───── MATERIAL FOR THIS EXERCISE ─────
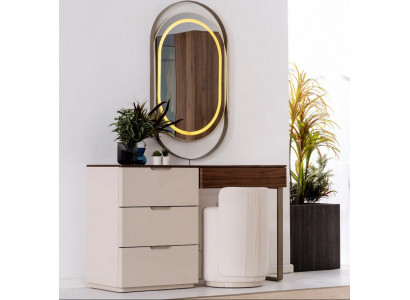 Beiger Schminktisch Spiegel Schlafzimmer Kosmetiktisch Luxus 2tlg Set
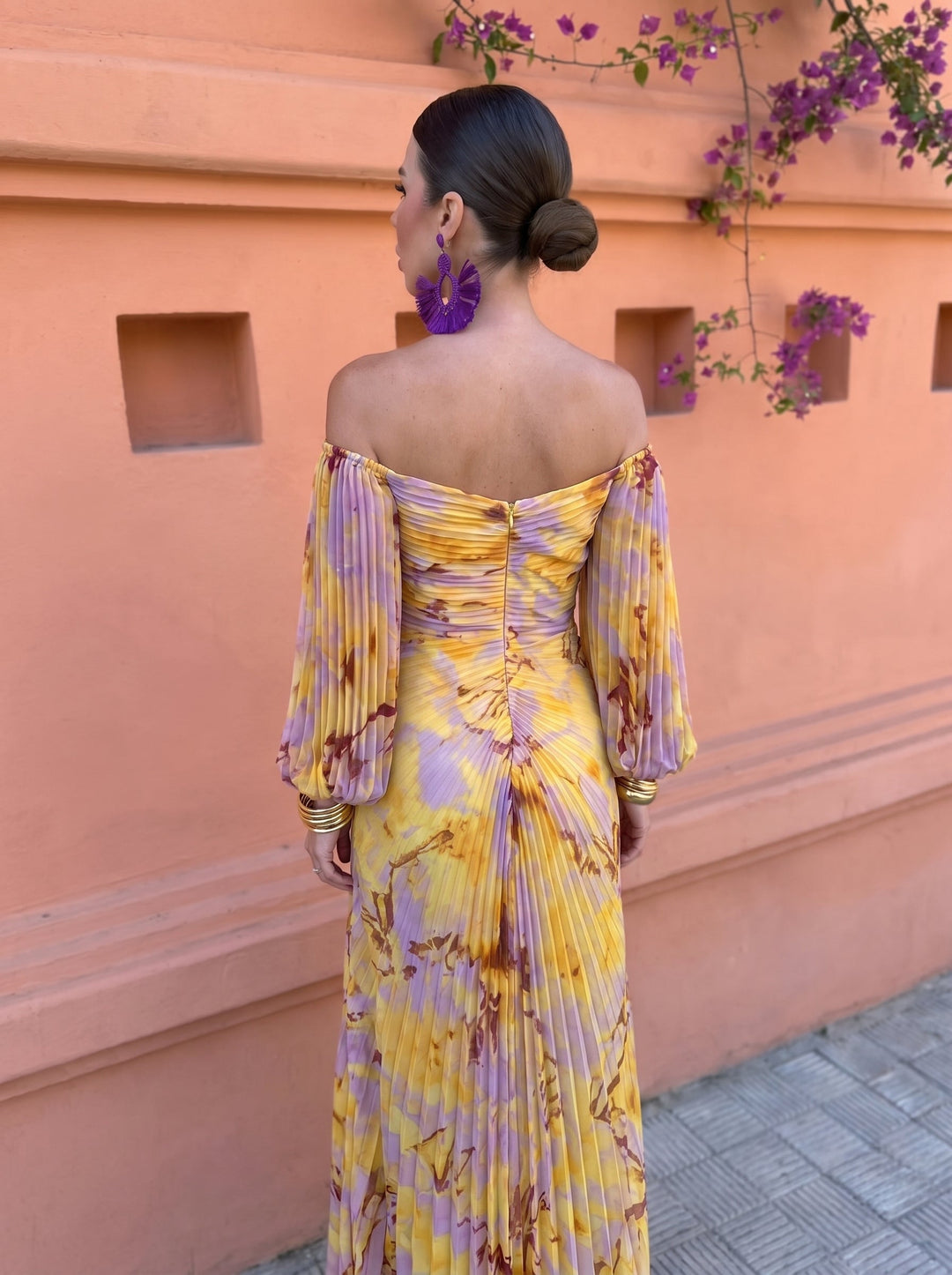 Gregoria | Long Floral Dress with Deep Neckline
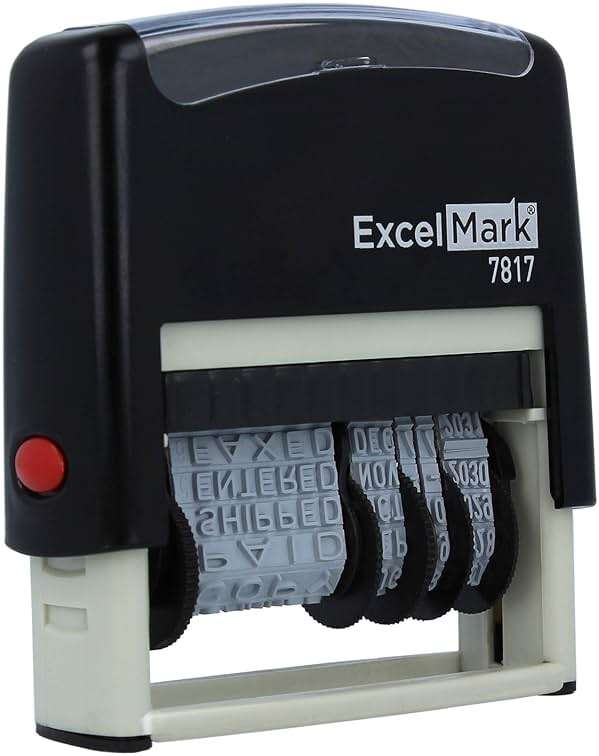 ExcelMark 12 Phrase Self-Inking Date Stamp - 2" x 1/4" Impression - Black Ink (7817) - Image 4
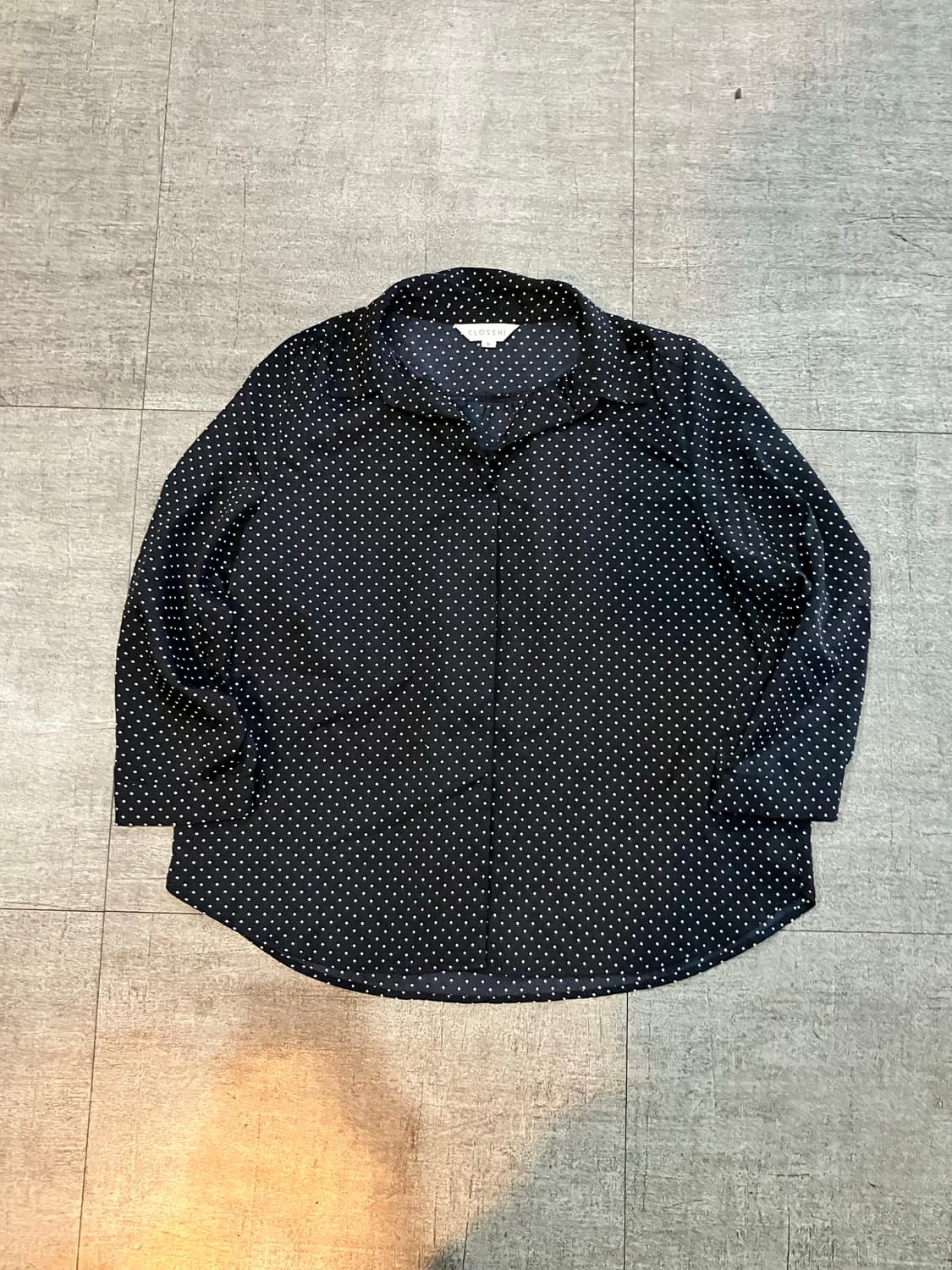 일본빈티지 Closshi 핀터깔 달천깔페어리 도트블라우스 상품이미지1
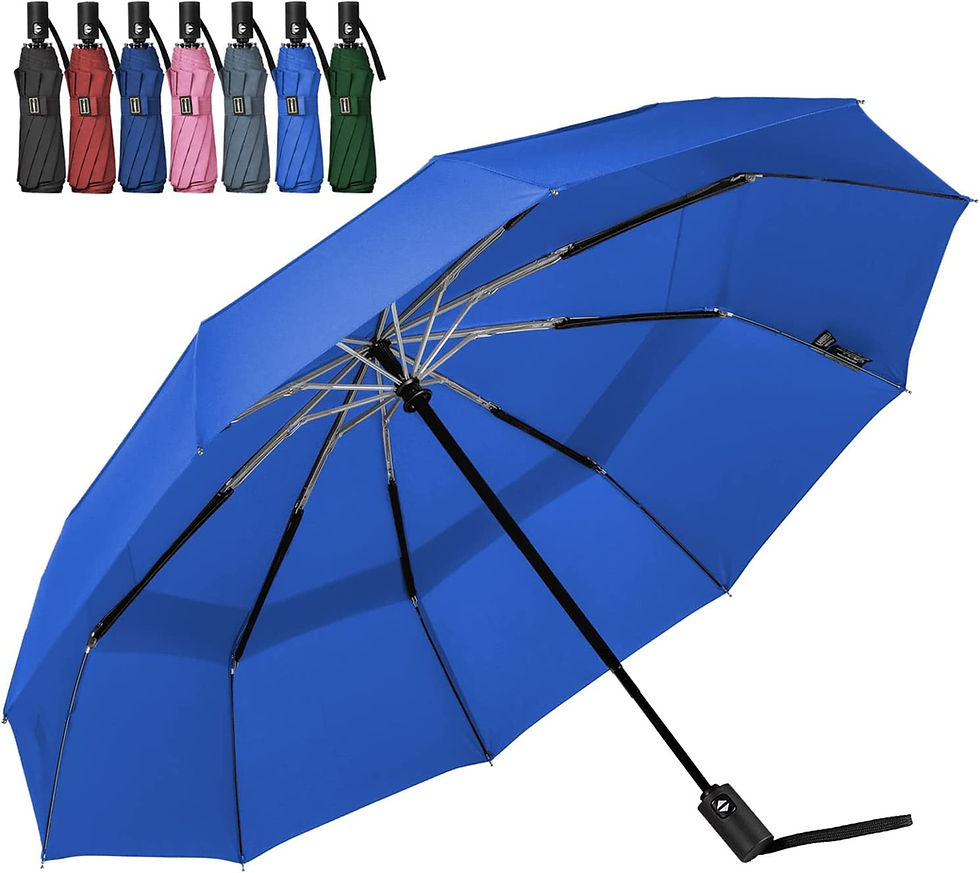 Thumbnail: LANBRELLA Umbrella Windproof Travel Umbrella Compact Folding Reverse Umbrella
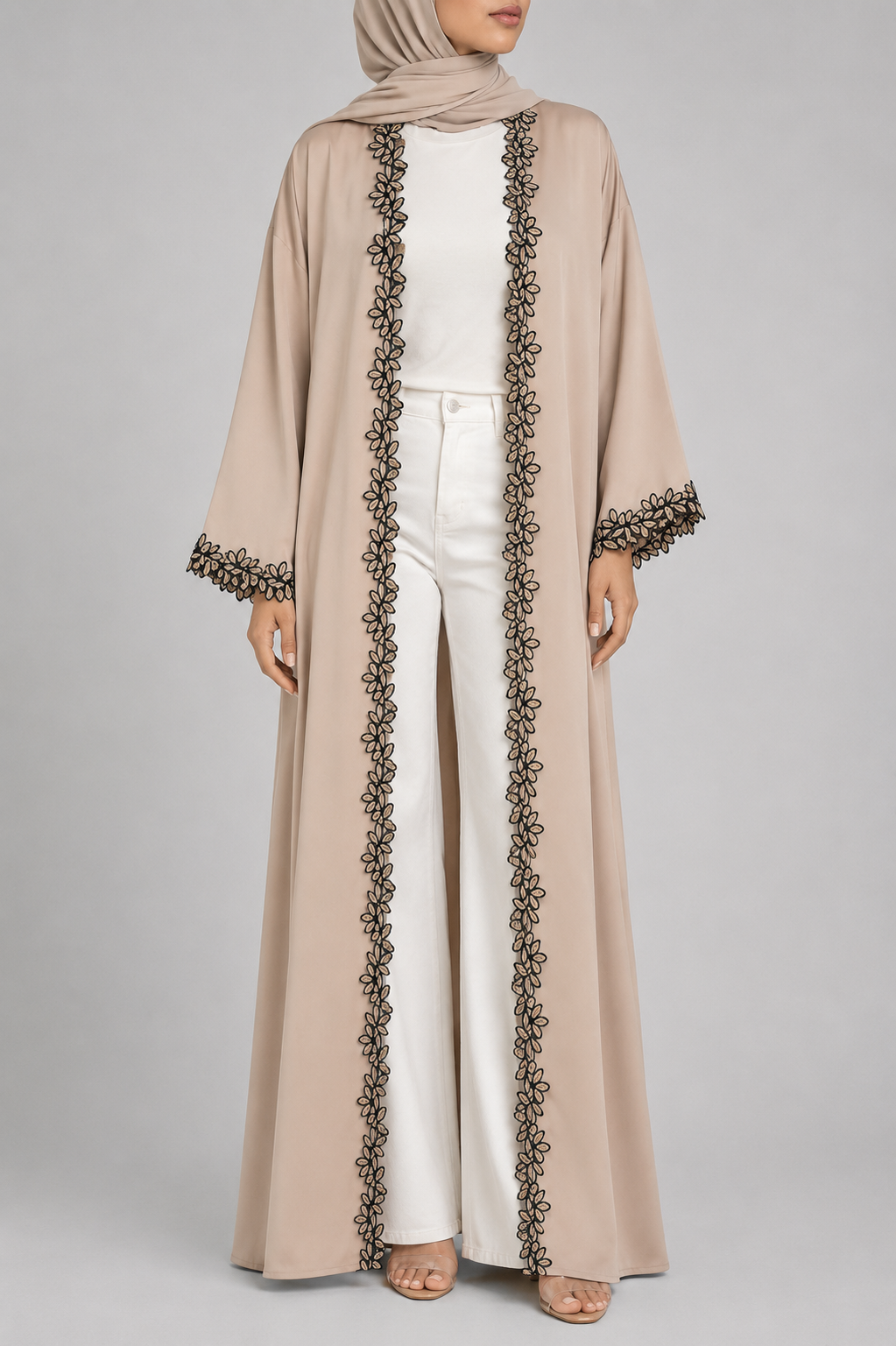 Beige fancy lace abaya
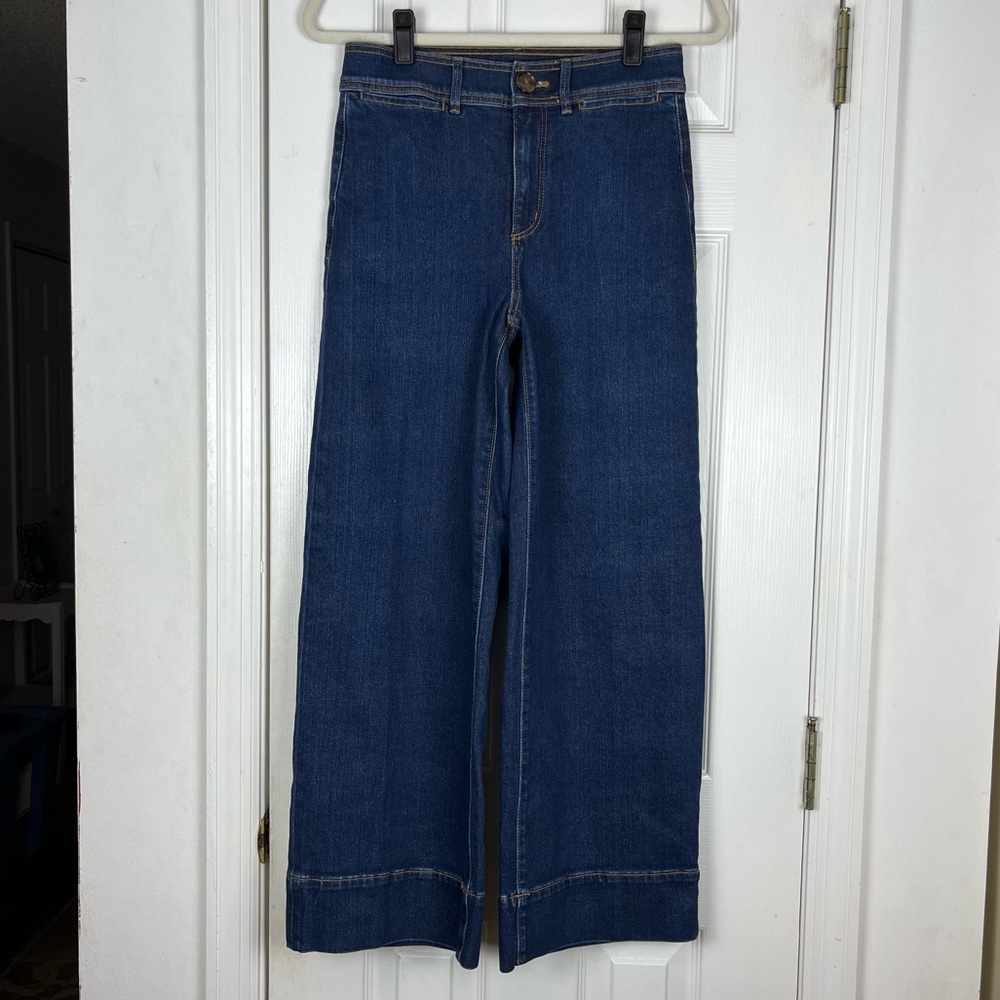 Ann Taylor The Wide Leg High Rise Dark Wash Denim Jeans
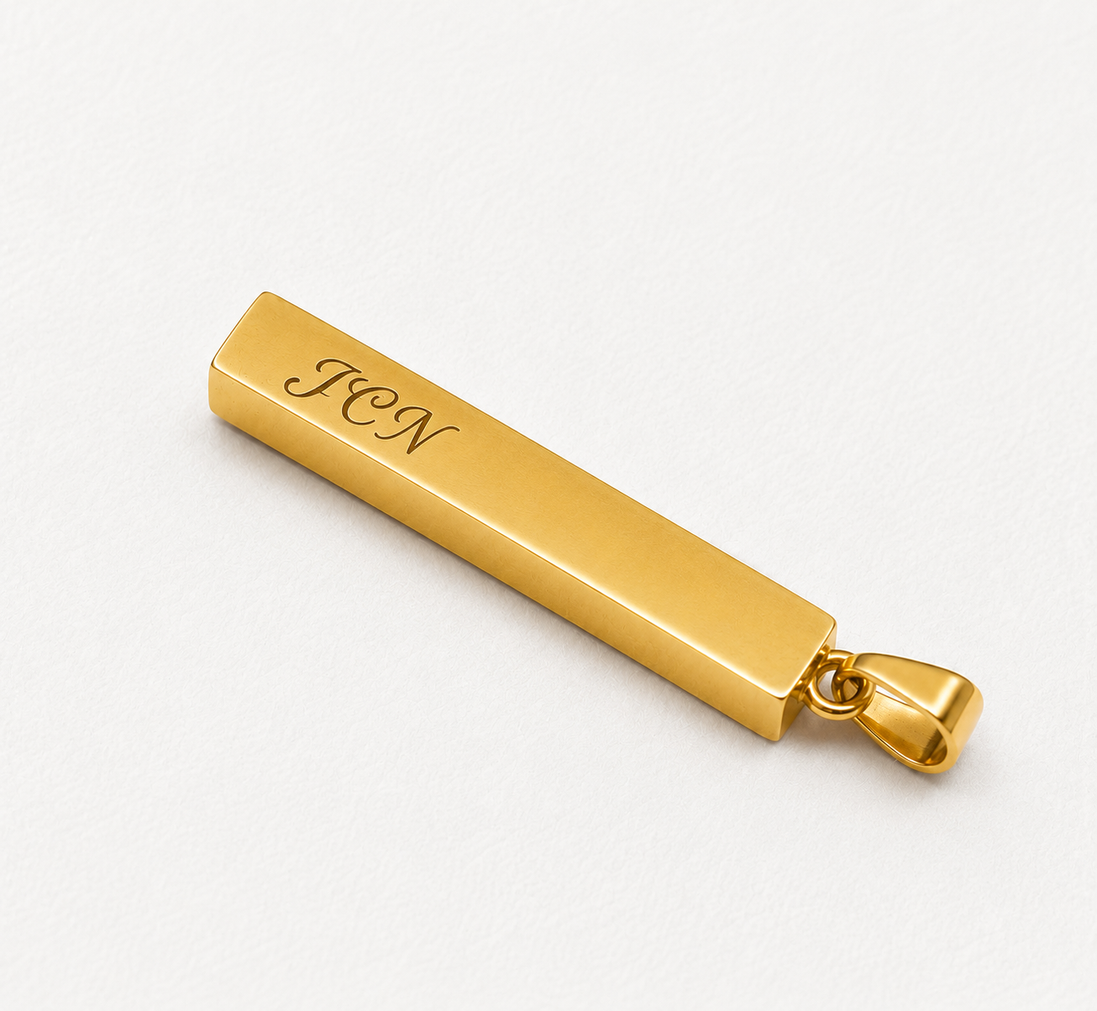 4-Sided Engraved Bar Necklace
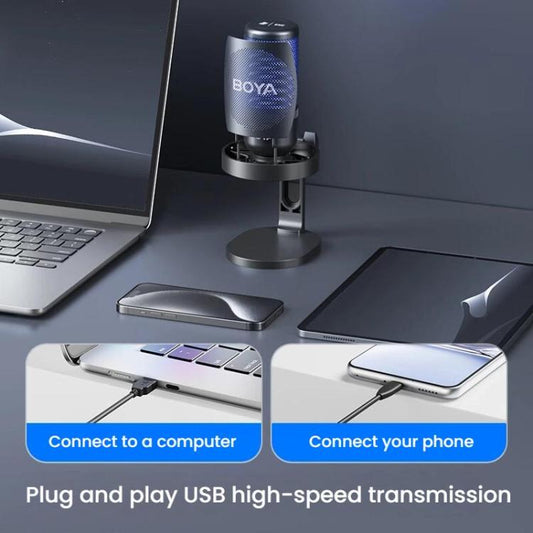 BOYA K3 Desk Condenser Microphone Computer Phone Recording Video Live Receiving Noise Reduction USB Mic - Microphone by BOYA | Online Shopping UK | buy2fix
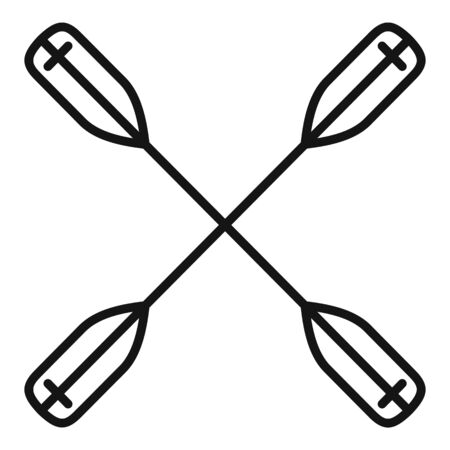 Crossed kayak paddle icon, outline styleの写真素材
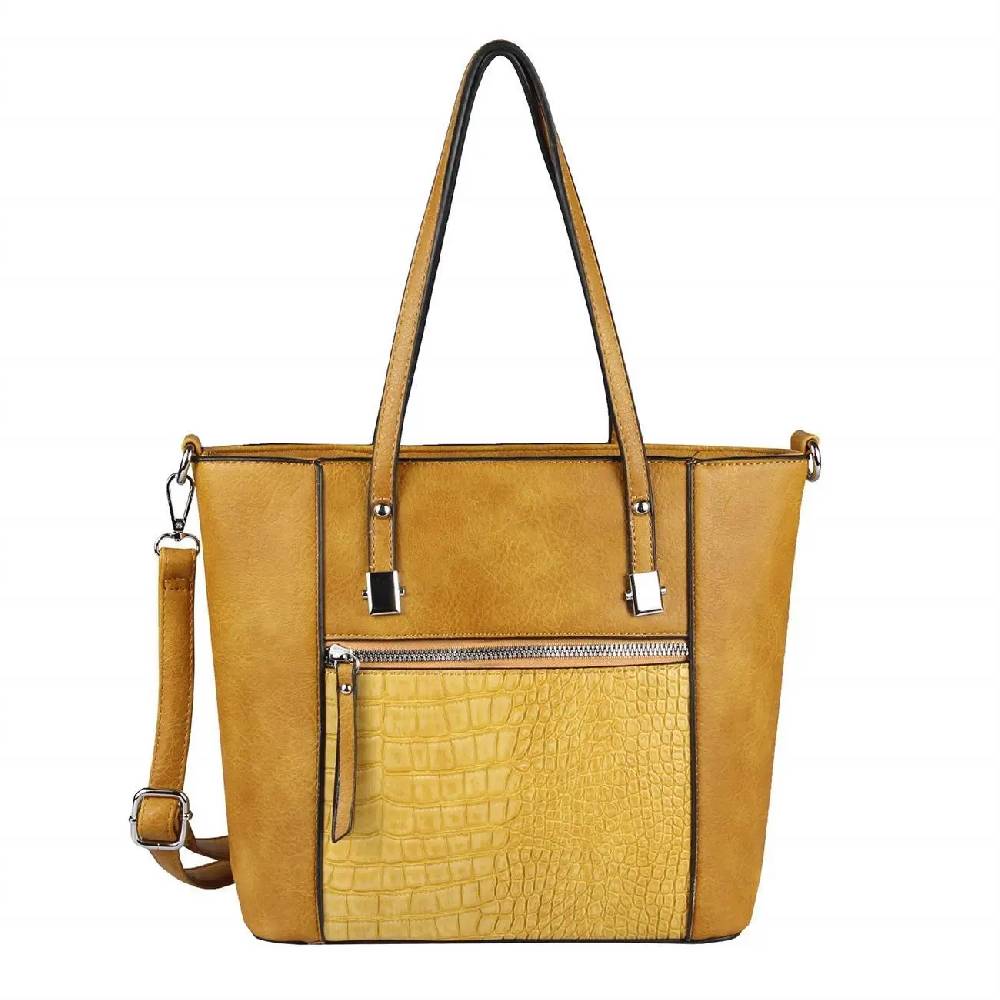 OBC DAMEN TASCHE Schultertasche Umhängetasche Tote Bag Kroko Businesstasche Shopper Workbag Leder Optik Fabrikpreis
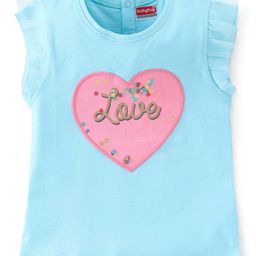 Babyhug Cotton Knit Half Sleeves T-Shirt with Mesh & Applique Detailing - Light Blue-image-70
─────
§ WORK TO COMPLETE
Word for word, write out the lines from the top of the records above down to the line holding "Beige fancy lace abaya", inclusive, but not the pictures.

§ REPLY
 Beiger Schminktisch Spiegel Schlafzimmer Kosmetiktisch Luxus 2tlg Set
 Gregoria | Long Floral Dress with Deep Neckline
 ExcelMark 12 Phrase Self-Inking Date Stamp - 2" x 1/4" Impression - Black Ink (7817) - Image 4
 일본빈티지 Closshi 핀터깔 달천깔페어리 도트블라우스 상품이미지1
 Thumbnail: LANBRELLA Umbrella Windproof Travel Umbrella Compact Folding Reverse Umbrella
 Beige fancy lace abaya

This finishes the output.